Data supplied =
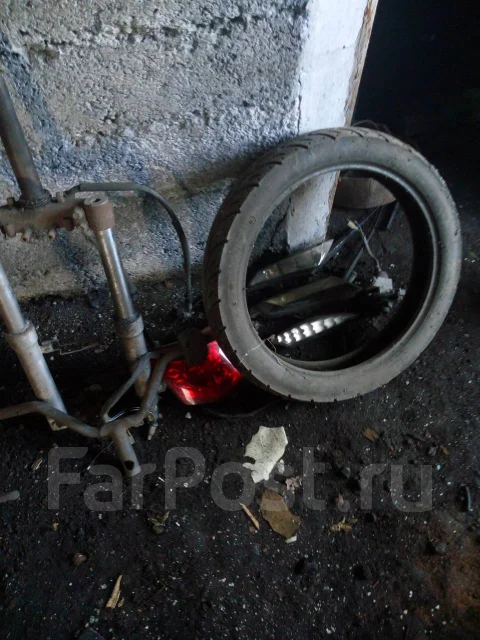 Regulmoto. 50����. ��., ����������, ���������, ������ �� �� ����
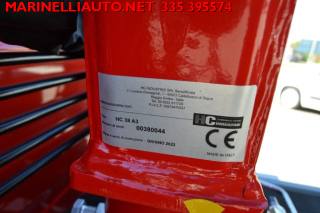 IVECO Daily usata 12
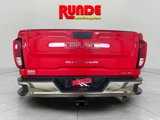 Used 2024 GMC Sierra 3500 SLE w/ SLE Convenience Package image 4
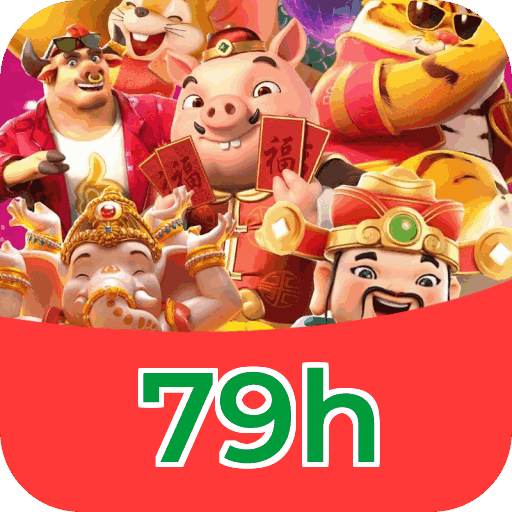 Especificações técnicas download 79h
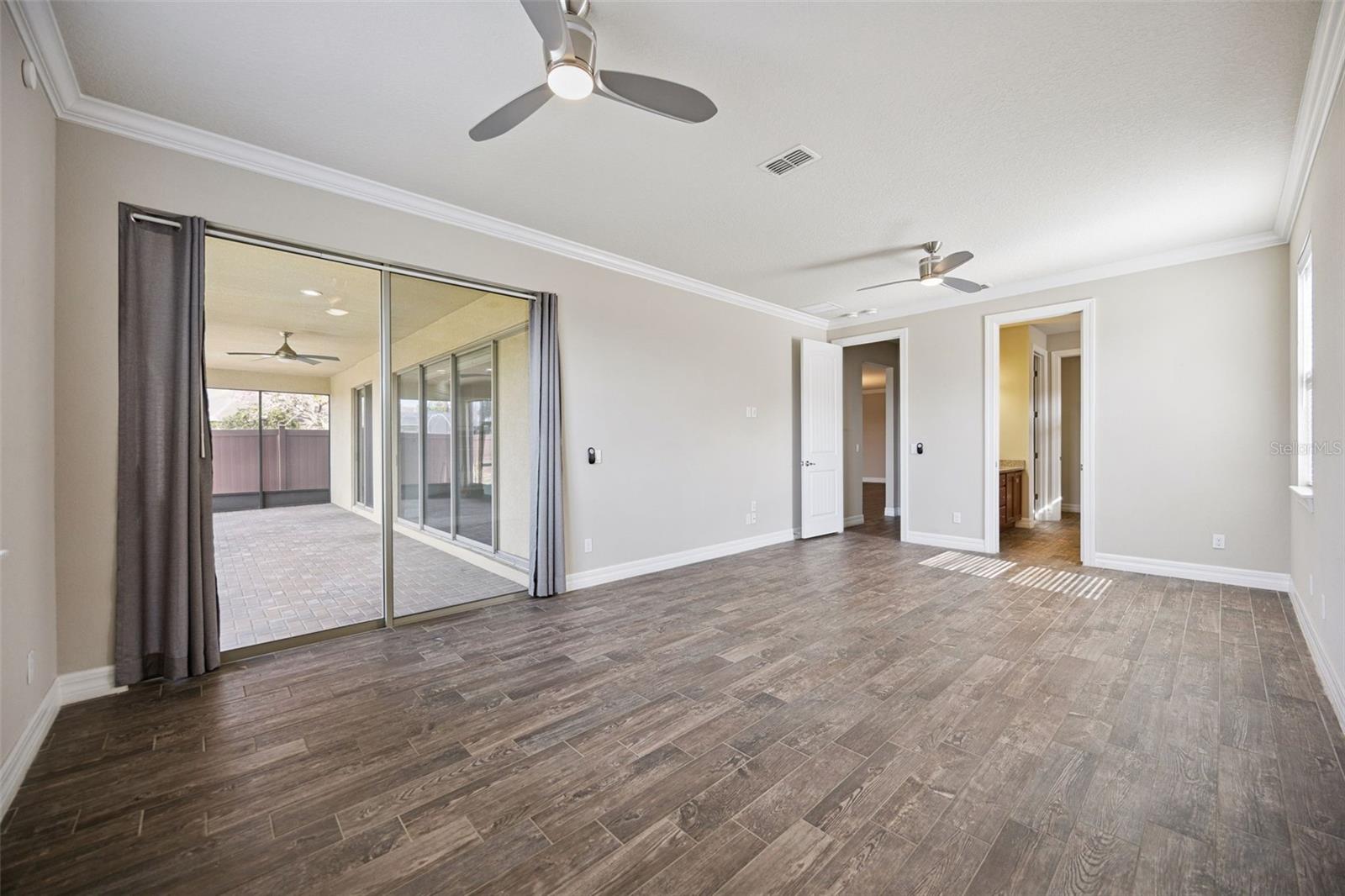 Image 23 of 65 For 5000 Hartwell Court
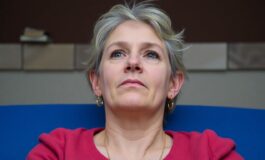 gruppi paramilitari e abusi come lestremismo di destra entra nel conflitto russo ucraino 1771961915 265x160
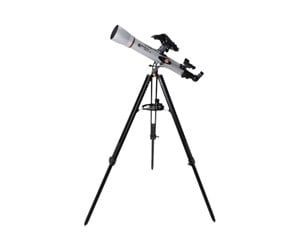 Teleskop - Celestron StarSense Explorer LT70AZ - 22450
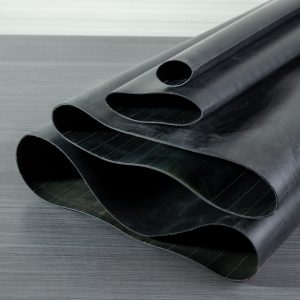 BYMWA Medium Wall Adhesive Coated Heatshrink Tube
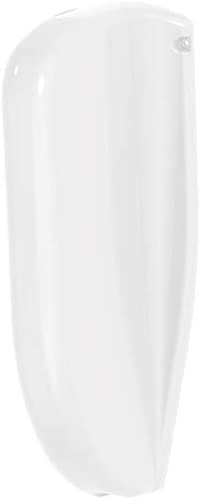 Arley Stirling/Warwick Urinal Divider Arley Urinal Division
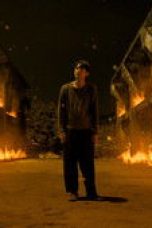 Nonton film Agent from Above Season 1 Episode 3 terbaru di Dutamovie21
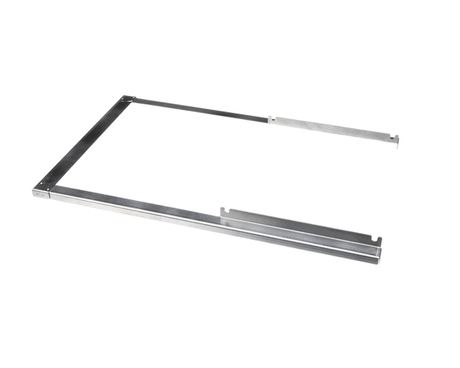 ANTUNES PARTS Antunes 0024064 Shelf Frame Lower - SKU AJA0024064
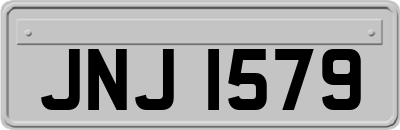 JNJ1579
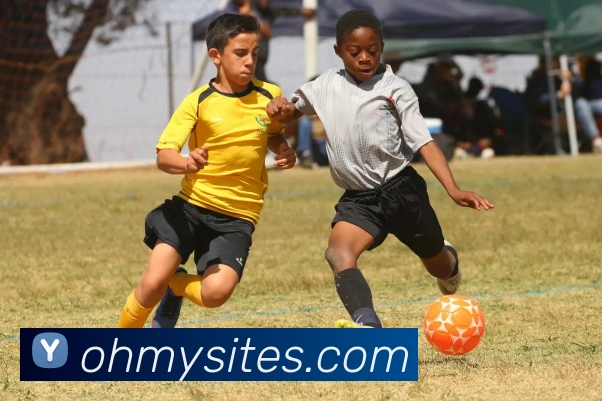 多媒体互动体验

Problem description = Leave the pictures aside and transcribe only the lines from the one holding "Used 2024 GMC" through the final line of the records above.

Solution =
 Used 2024 GMC Sierra 3500 SLE w/ SLE Convenience Package image 4
 Especificações técnicas download 79h
 Image 23 of 65 For 5000 Hartwell Court
 gruppi paramilitari e abusi come lestremismo di destra entra nel conflitto russo ucraino 1771961915 265x160
 Teleskop - Celestron StarSense Explorer LT70AZ - 22450
 BYMWA Medium Wall Adhesive Coated Heatshrink Tube
 Arley Stirling/Warwick Urinal Divider Arley Urinal Division
 Nonton film Agent from Above Season 1 Episode 3 terbaru di Dutamovie21
 ANTUNES PARTS Antunes 0024064 Shelf Frame Lower - SKU AJA0024064
 JNJ1579
 多媒体互动体验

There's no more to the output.